A Chinese scheme to fund, build and operate two new rail lines in Thailand has run into difficulties.

The Thai government wants lower interest rates on the 20-year loan and is refusing to let Chinese firms manage the new lines.

In December Thailand’s National Legislative Assembly approved a draft memorandum of understanding (MoU) with China to jointly build the $10.64bn rail project, part of a long-term scheme to develop the country’s transport infrastructure.

The deal is one of historic significance to Thailand, as its infrastructure needs modernising.

"We have not seen any major development in Thailand’s railway operation for 120 years," said one official when the MoU was signed in December. "This is the first such development."

But after a government meeting about the project yesterday, deputy transport minister Arkhom Termpittayapaisith told reporters that the terms of the agreement will have to be renegotiated.

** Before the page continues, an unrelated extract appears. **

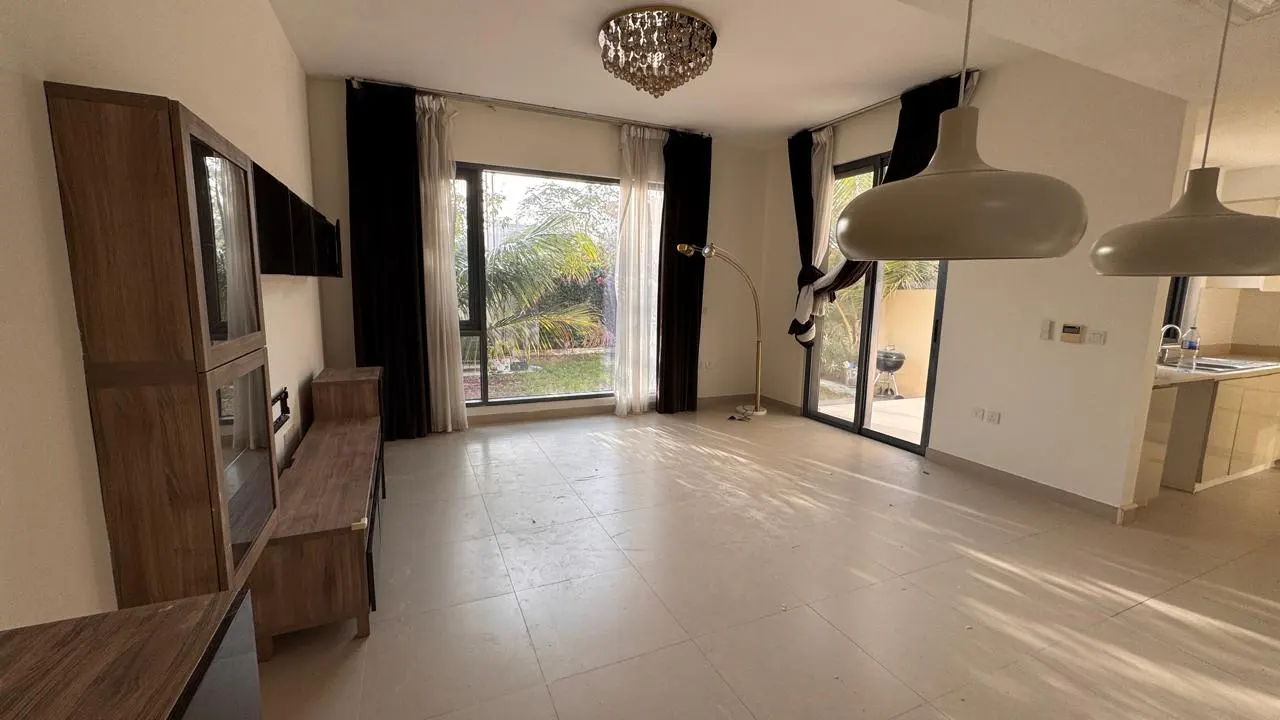 Bright living room with tile floors, wood entertainment center, and large windows with black curtains overlooking a green yard.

He said the Chinese Export-Import Bank had offered a loan with an interest rate of between 2% and 4%, and a four-year interest-free period, with conditions. 

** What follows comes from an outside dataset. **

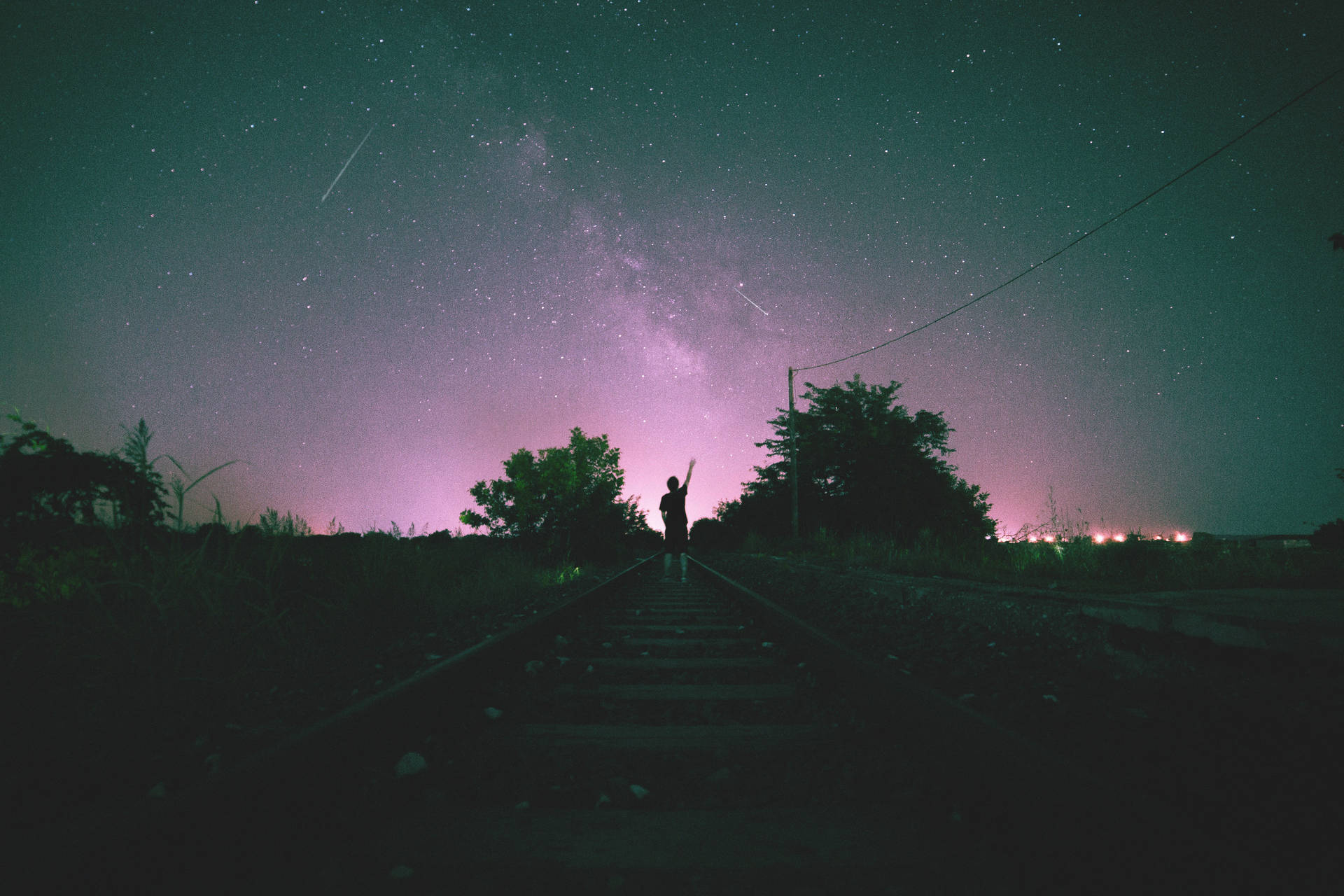 一個人的剪影站在火車軌道上，背景是星光燦爛的紫色夜空。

Those conditions included a requirement to use Chinese technology and to give design and civil engineering work to China. China also wanted to manage the routes.

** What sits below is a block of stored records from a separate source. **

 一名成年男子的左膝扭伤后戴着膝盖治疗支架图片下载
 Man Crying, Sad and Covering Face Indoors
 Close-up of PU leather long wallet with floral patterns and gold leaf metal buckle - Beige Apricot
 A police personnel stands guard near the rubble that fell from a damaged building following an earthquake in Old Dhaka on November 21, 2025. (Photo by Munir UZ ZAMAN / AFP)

But Thailand wants to manage the lines itself, and it wants lower interest rates, more in line with what China’s rival for influence in the region, Japan, has offered Thailand in the past.

"The meeting agreed that the interest rate was too high compared with the loan from the Japan International Cooperation Agency for the construction of the Airport Rail Link, which was charged only at 1.5%," the minister said, according to The Bangkok Post.

He said the government has asked China to lower the interest rate on offer.

The project would see a 737km rail line from the northeastern province of Nong Khai to Map Ta Phut industrial estate in Rayong province. The second is a 133km spur to Bangkok.

According to the December MoU, both sides would try their best to start the construction within 2016.

Photograph: A rural railway stop in Thailand, 2009. (Tanakorn Jantanong/Wikimedia Commons)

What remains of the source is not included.